» **YOUR INSTRUCTIONS**:
Output only the lines below from the one containing "TCC para Crianças" to the one containing "Dragon Ball Super", exactly as written, both ends kept.

» **WORKING DATA**:
•••

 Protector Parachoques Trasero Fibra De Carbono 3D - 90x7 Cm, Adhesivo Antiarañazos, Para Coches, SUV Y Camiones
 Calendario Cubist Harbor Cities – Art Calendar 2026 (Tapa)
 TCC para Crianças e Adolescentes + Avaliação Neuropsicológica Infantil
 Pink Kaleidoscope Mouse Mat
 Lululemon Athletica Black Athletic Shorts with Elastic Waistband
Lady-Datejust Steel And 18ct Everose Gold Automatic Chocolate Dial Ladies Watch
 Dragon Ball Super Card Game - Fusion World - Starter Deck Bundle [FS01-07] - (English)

•••

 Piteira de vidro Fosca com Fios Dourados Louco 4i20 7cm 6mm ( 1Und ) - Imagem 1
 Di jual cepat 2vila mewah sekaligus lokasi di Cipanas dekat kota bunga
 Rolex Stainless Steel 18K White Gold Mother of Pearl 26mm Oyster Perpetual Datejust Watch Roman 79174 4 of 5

•••

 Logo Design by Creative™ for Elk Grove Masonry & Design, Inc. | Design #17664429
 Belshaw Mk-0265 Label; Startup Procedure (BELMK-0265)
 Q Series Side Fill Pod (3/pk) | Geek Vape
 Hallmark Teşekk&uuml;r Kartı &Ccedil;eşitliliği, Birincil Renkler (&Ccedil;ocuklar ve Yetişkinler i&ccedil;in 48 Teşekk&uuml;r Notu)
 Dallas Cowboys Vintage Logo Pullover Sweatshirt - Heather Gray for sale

•••

» **TASK OUTPUT**:
 TCC para Crianças e Adolescentes + Avaliação Neuropsicológica Infantil
 Pink Kaleidoscope Mouse Mat
 Lululemon Athletica Black Athletic Shorts with Elastic Waistband
Lady-Datejust Steel And 18ct Everose Gold Automatic Chocolate Dial Ladies Watch
 Dragon Ball Super Card Game - Fusion World - Starter Deck Bundle [FS01-07] - (English)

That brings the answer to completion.